The same AI models are accessible to basically everyone. So why will some organisations win while others won't? (podcast recap)

Your test cases - the scenarios that reflect how your organisation actually operates, what decisions you make, what good output looks like - are becoming important intellectual property. They're what let you evaluate any new tool quickly and accurately against your own reality.

The same AI models are accessible to basically everyone. So why will some organisations win while others won't? (podcast recap)
Photo by Steven Lelham / Unsplash

In my conversation with Sabine Gromer earlier this year, we picked up on the question of what the currently level playing field* for raw AI capability means for competition: in a world where everyone can get access to the most recent GPT or Claude, where does the competitive advantage actually come from?

It comes down to two things: do you use it smarter than the other organisation; and can you access and validate a new model faster than them? Both of those are organisational capabilities, not just technical ones.

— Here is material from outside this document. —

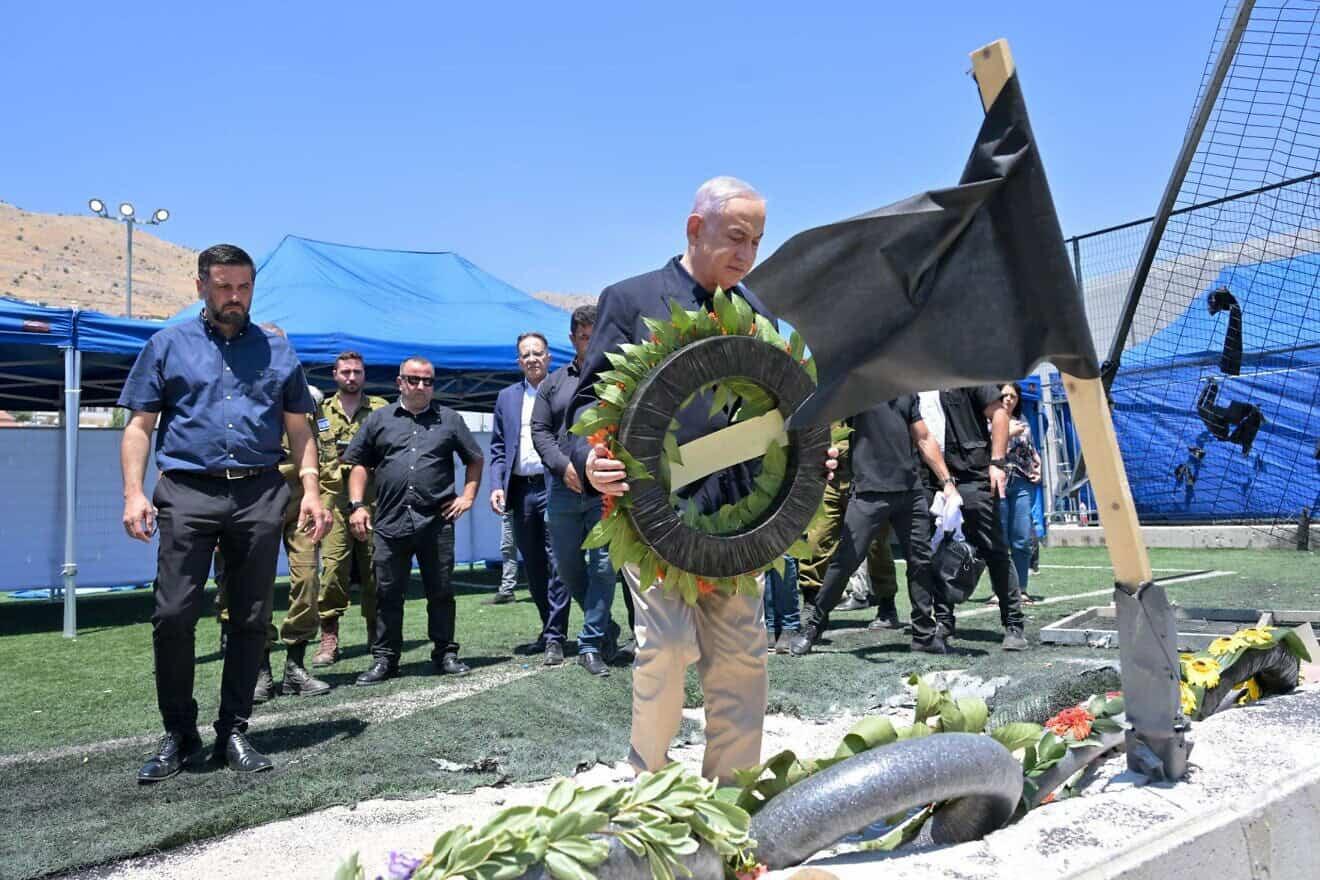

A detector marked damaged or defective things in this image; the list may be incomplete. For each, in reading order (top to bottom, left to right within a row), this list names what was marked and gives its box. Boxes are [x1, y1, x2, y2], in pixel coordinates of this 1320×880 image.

To build this capability, your test cases - the scenarios that reflect how your organisation actually operates, what decisions you make, what good output looks like - are becoming important intellectual property. They are what let you evaluate any new tool quickly and accurately against your own reality.

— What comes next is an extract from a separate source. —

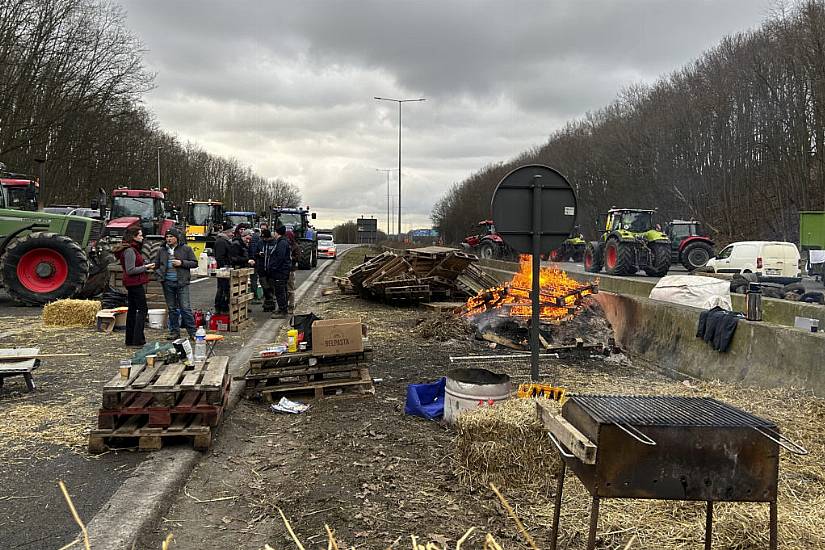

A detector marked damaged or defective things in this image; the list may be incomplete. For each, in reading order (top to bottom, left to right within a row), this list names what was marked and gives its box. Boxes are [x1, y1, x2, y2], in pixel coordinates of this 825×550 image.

burnt wood pile [334, 248, 496, 304]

Years back, I worked on a legal tech project where it took months to identify the right test scenarios for a specific type of brand protection work. Once we had them, evaluating new tools went from "weeks of uncertainty" to "days of clarity." That library became more valuable than any single tool we evaluated with it.

Organisations that block experimentation - no sandbox, all tools locked down to Copilot - aren't just moving slowly. They're also not building the evaluation muscle. When the next model drops and it matters, or any other new relevant technology arrives, they'll be starting from zero. The organisations that have been iterating will already know how to plug it in and test it overnight.

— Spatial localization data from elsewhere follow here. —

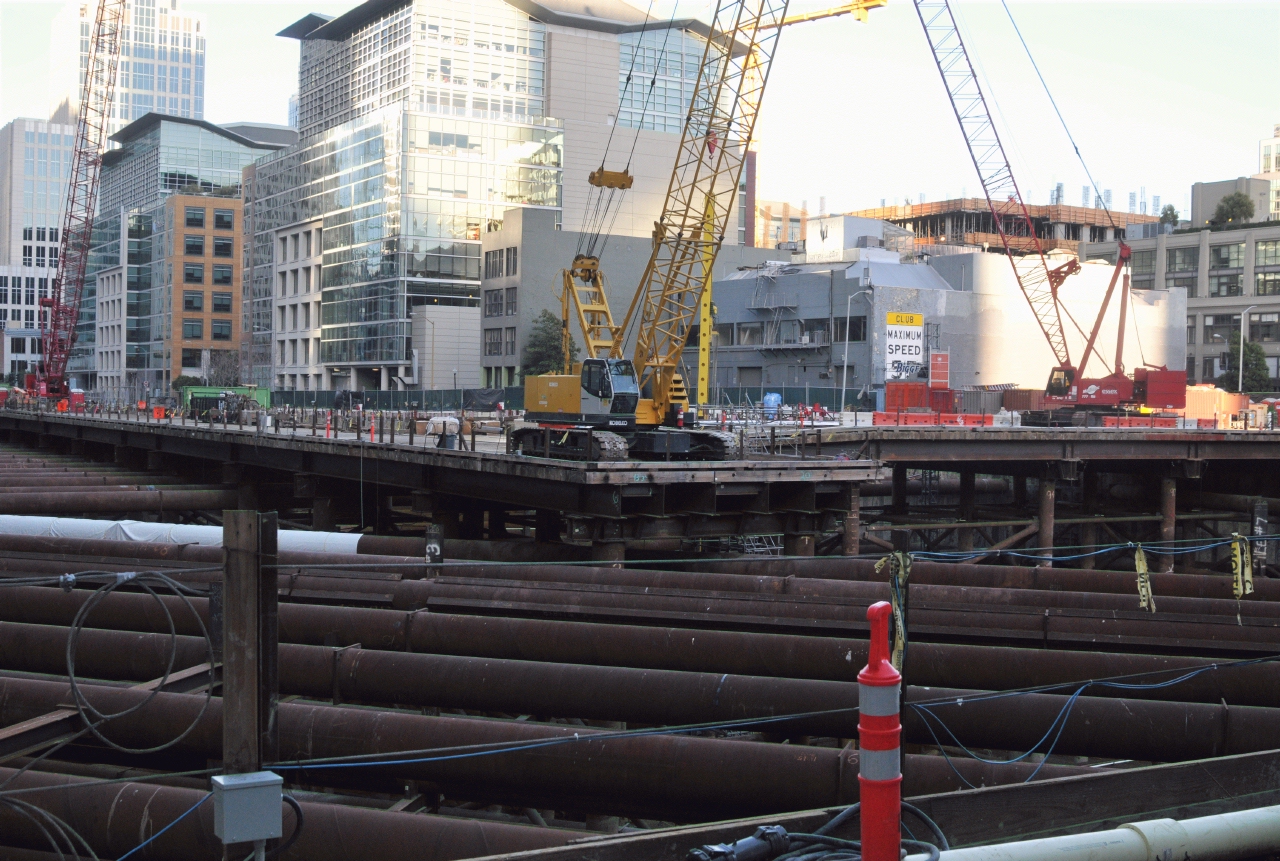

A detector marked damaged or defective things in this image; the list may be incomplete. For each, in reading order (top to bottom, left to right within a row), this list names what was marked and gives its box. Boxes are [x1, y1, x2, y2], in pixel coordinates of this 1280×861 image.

rusty steel pipe [0, 486, 240, 514]
rusty steel pipe [0, 675, 1090, 813]
rusty steel pipe [2, 591, 1280, 706]
rusty steel pipe [7, 621, 1280, 757]
rusty steel pipe [0, 767, 576, 859]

One important consideration in this process will be, where exactly you build up this intellectual property and who you give access to it. It is what makes your organisation unique and reflects knowledge that no artificial intelligence system will publicly find for training. In a market where commodification is a threat, it will make sense to think twice and select the relevant technology platforms based on effective data ownership considerations, and not just on promises made in a compliance statement.

Listen to the episode:
Spotify: https://lnkd.in/dEermDcB
Apple Podcasts: https://lnkd.in/ddX5xD8M
Buzzsprout: https://lnkd.in/d6_CTeu2

* please don't rely on this staying the same. There is a potential for large partners (like Infosys in India for Anthropic) to become gatekeepers; there has been a first instance of geopolitical doctrine limiting export of a cutting edge models outside the US; and with all platform companies, pricing models are highly likely to be diversified once a certain degree of lock-in has been established.